Cameron, the Wolverines’ quarterbacks coach, bumped into Kathy and lofted out a quip to uncoil the snagged wires.

“I wouldn’t have waited for him either,” Cameron told Kathy. “He doesn’t run very fast.”

On Friday, Miles and Cameron fielded scores of questions about enhancing an LSU offense prone to sputtering at times last season, ranging from queries about adjustments in terminology to quarterback development to whether Cameron will have autonomy in play-calling.

The replies were laced with generalities, but Miles and Cameron, fired a month ago after five seasons as the Baltimore Ravens’ offensive coordinator, underscored their history and six seasons sharing a cramped office on Schembechler’s staff. Whatever the structure or mechanics of the arrangement turn out to be, there’s a reservoir of shared experience and bonding that produces an abiding trust.

“It was one of the great, great times as a young coach to grow and learn,” Cameron said. “When you can come to work and leave and feel good about yourself and the people you’re working with and getting better at what you do, it doesn’t matter. No amount of money can give you that.”

By now, Cameron’s offensive tendencies, rooted in employing a variant of the Air Coryell, are well-known in stints at Michigan, Washington, Indiana, San Diego and Baltimore. So is his track record tutoring top-flight quarterbacks in Jim Harbaugh, Elvis Grbac, Heath Shuler, Antwaan Randle-El, Drew Brees, Phillip Rivers and Joe Flaaco.

Yet his résumé also contains a 1-15 season at the helm of the Miami Dolphins, which ended in his firing after the 2007 campaign. And his five seasons in Baltimore ended in December when Cameron was fired and coach John Harbaugh promoted quarterback coach Jim Caldwell to lead a unit considered wildly inconsistent.

Cameron, 52, found a quick suitor in Miles, who said he texted his friend immediately.

“I knew when Cam became available there might be an outside chance he might be available to us,” Miles said. “It fell together exactly right.”

Wasn’t there some hesitation in risking a long-standing bond in the crucible of elite college football? Not for Cameron.

“We understand things in football and things in general can play out,” Cameron said. “It is an opportunity of a lifetime to work with people you care about, and there’s no downside to it in my mind. The relationship still, always, trumps everything.”

Whether it placates handwringing by LSU fans is uncertain after the Tigers’ offense finished 87th in total offense nationally and No. 57 in scoring. Obviously, Cameron’s work with senior quarterback Zach Mettenberger, who ranked ninth in the SEC at 200.7 passing yards per game and 11th with a 128.3 passer rating, also will get scrutiny.

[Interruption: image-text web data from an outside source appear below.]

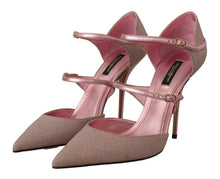 Load image into Gallery viewer, Dolce &amp; Gabbana Pink Glitter High Heel Sandals
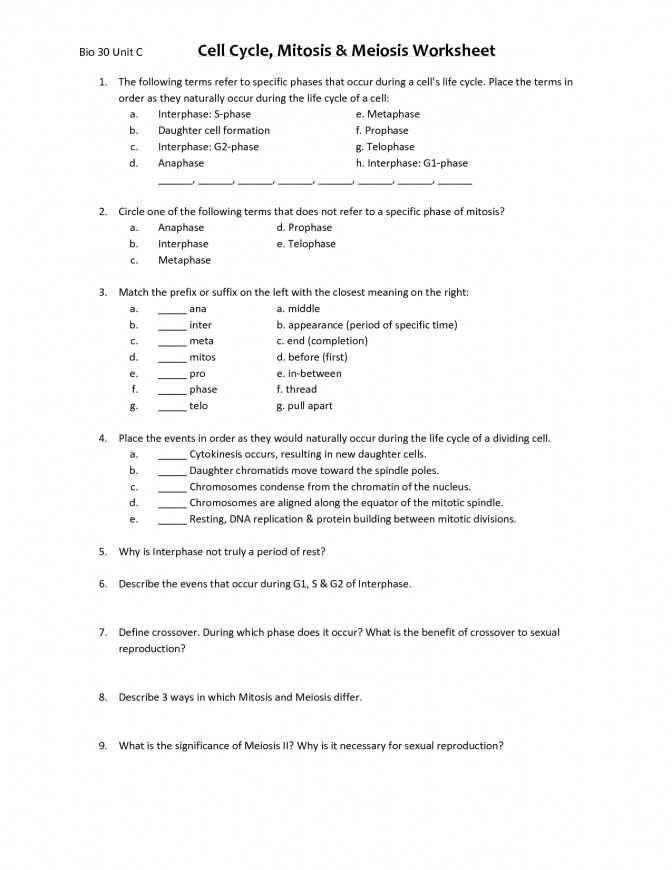 Cell Cycle Vocabulary Worksheet Answer Key together with Inspirational Meiosis Worksheet Best Cell Cycle and Mitosis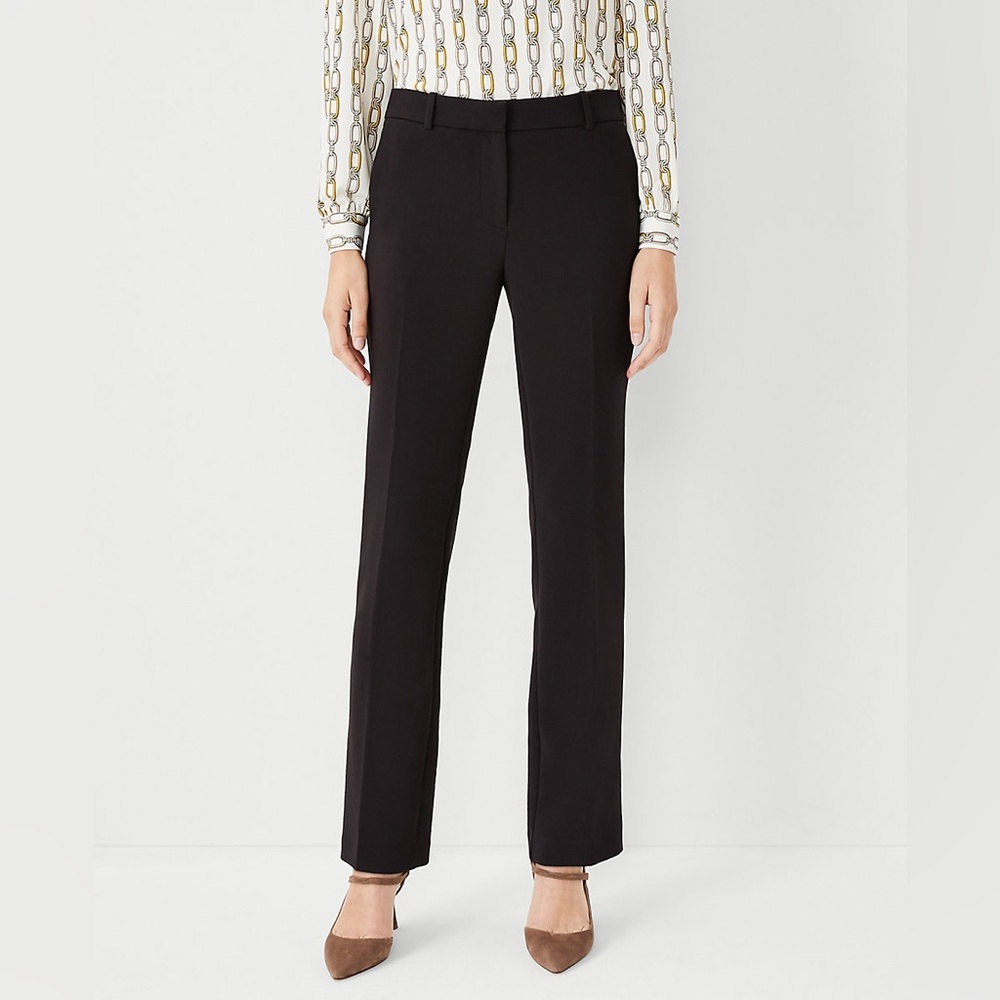 Ann Taylor Factory Mid Rise Straight Leg Pants Size 2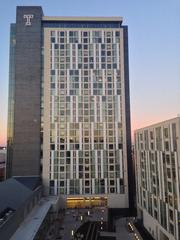 Morgan Hall North building viewed from Morgan Hall South in 2016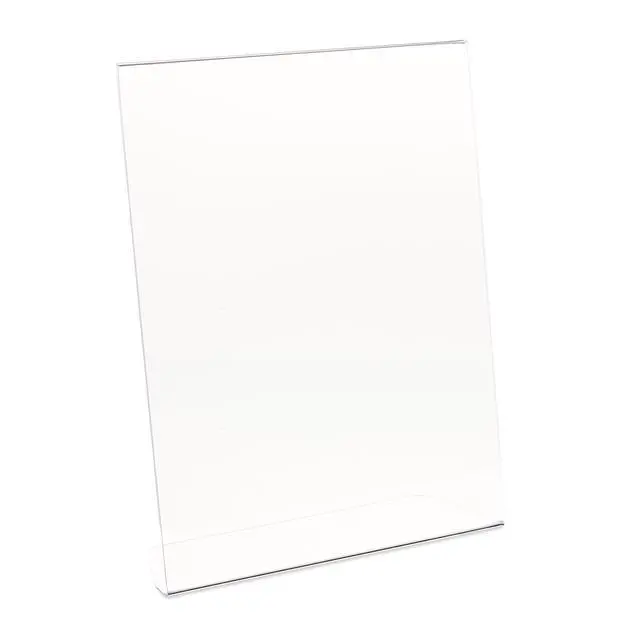Alt view image 3 of 5 - Pen + Gear Standup Sign Holder for Display Stand, Hold for Paper of 8.5" x 11", Clear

On that front, Cameron didn’t profess a desire to overhaul the playbook but passed on delving into specifics.

“We want to improve on what we’re doing,” he said. “I need to know everything that Zach knows. I need to know what our guys know. I’ve seen a lot of games, and it’s a great system. I just want to build on it.”

The trust placed in his hands by Miles was forged working for Schembechler, sharing an office so small that no phone conversation was truly private and no detail of the other person’s life easily concealed.

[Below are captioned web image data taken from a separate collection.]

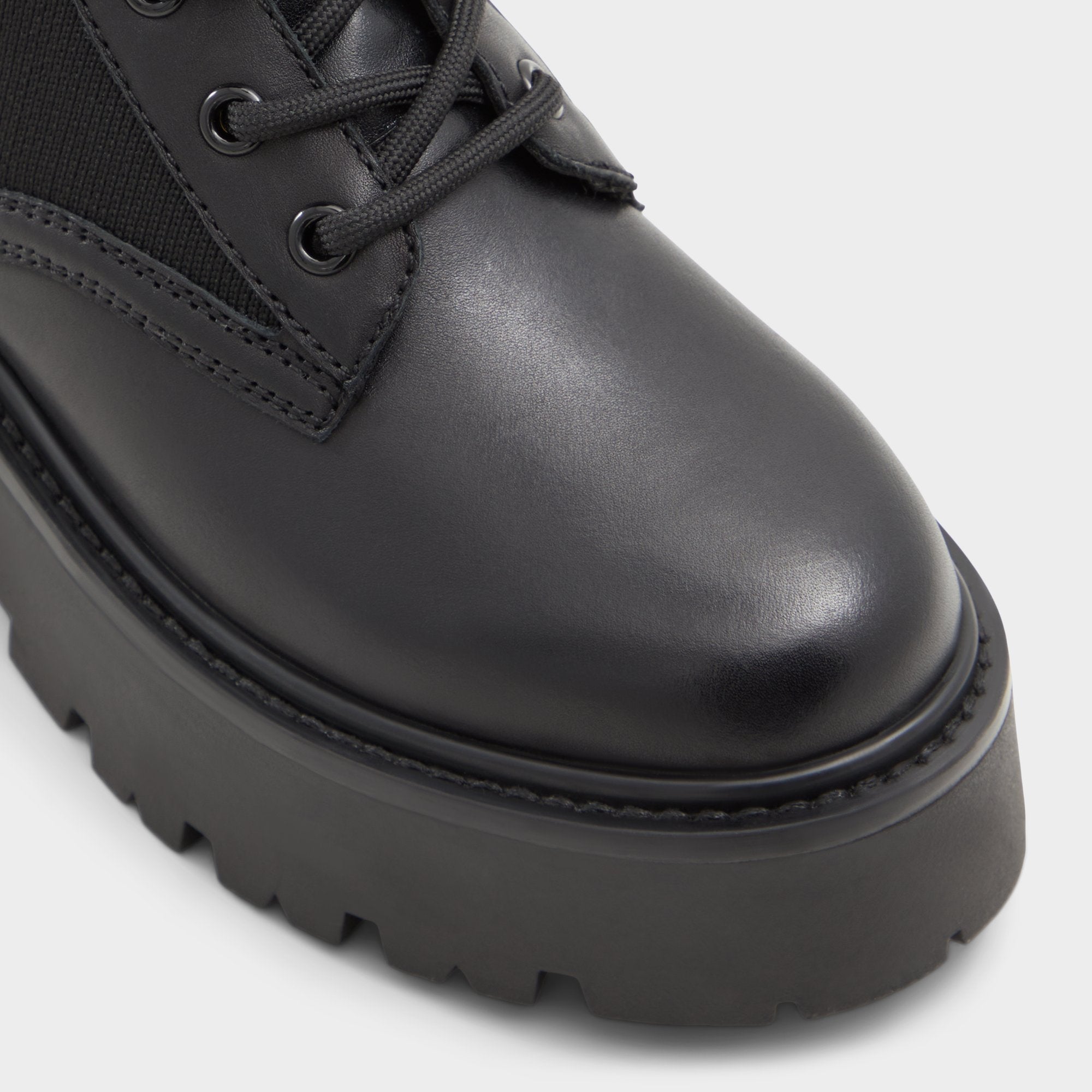 Aldo | Talaleryknit Black Women's Combat boots - Combat ankle boot, Black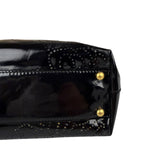Chanel Black Patent Floral Cutout Tote (Patent Damaged) 2003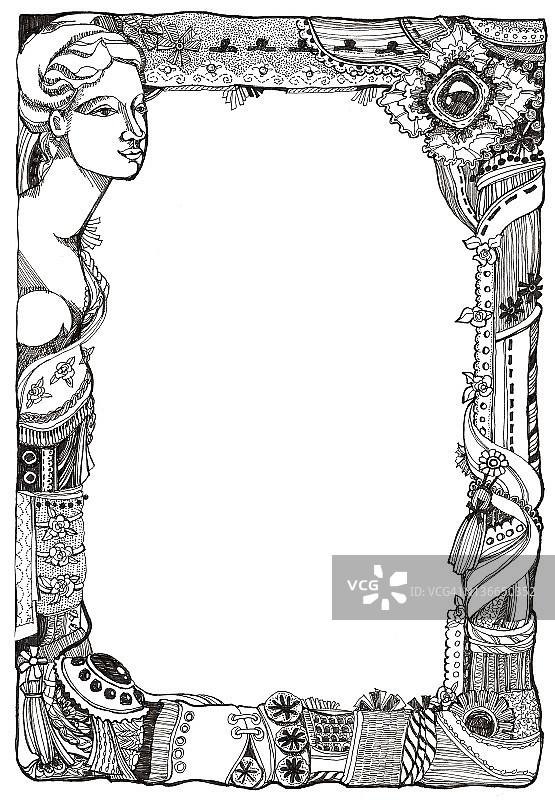 手绘边框图片素材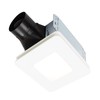 Broan-NuTone® BEL8 Bathroom Exhaust Fan w/LED Light, 80 CFM, ENERGY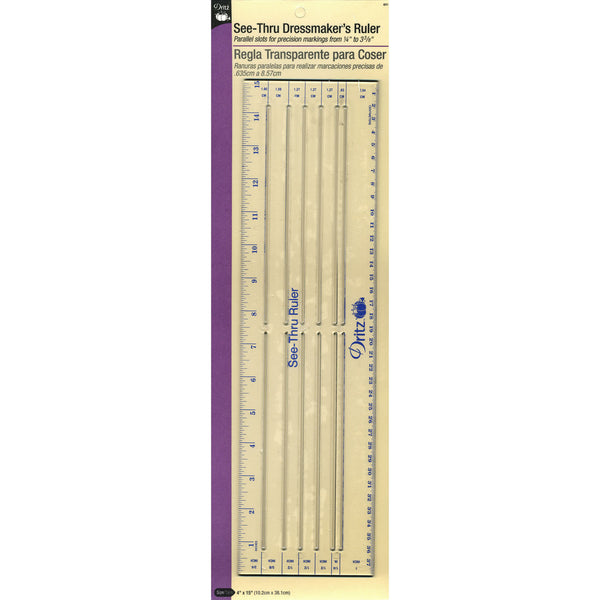 Web Only Notions & Tools: Dritz See-Thru Dressmaker's Ruler – LA Finch ...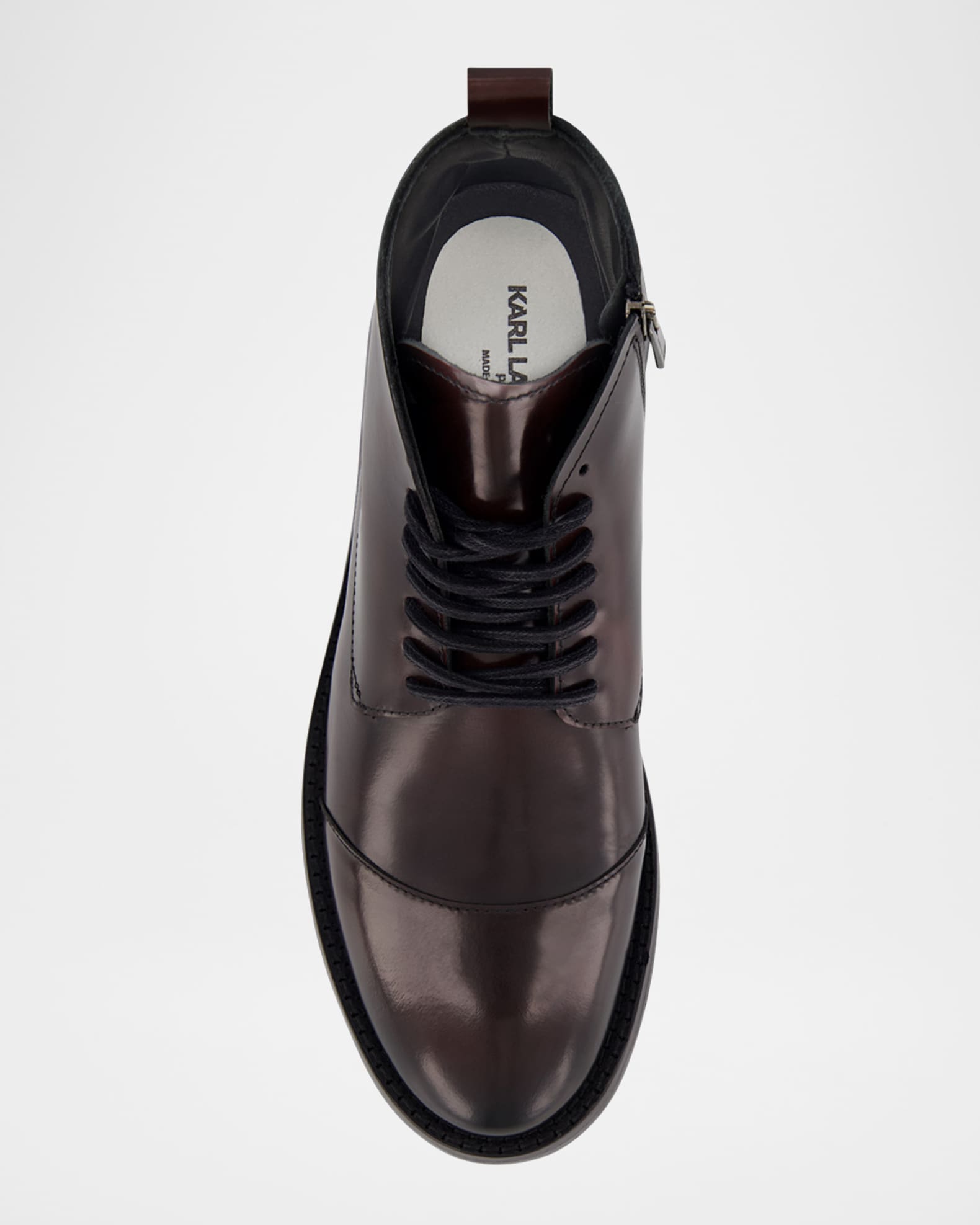 Karl Lagerfeld Paris Men's Side Zip Leather Chukka Boots Neiman Marcus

“What a great experience two young coaches had following Bo Schembechler, listening to everything he said,” Miles said. “It’s an amazing thing how well you know somebody but don’t talk about it. You grew in a like position.”

The nature of those chats remains known only to both men, but LSU fans will have to invest faith that it produces a fruitful outcome.

Parsing their statements about a working relationship, there’s a history of a give-and-take between Cameron and Miles. Those days in close quarters explain why Cameron — publicly, at least — didn’t seem to hold fast to the notion that he requires sole discretion in play-calling.

“The head coach has a vision and a vision for how each game needs to be won,” Cameron said. “We’ll obviously adjust and adapt that plan as the game goes along, but I’d be crazy (to question) working with Les — as the game plan is put together, as the game is called — (because) he has a natural feel for the game.”

And Cameron knows where it all began, too.

“I was in a tiny office with that guy, one of the toughest guys around,” Cameron said. “I know what he brings to the table.”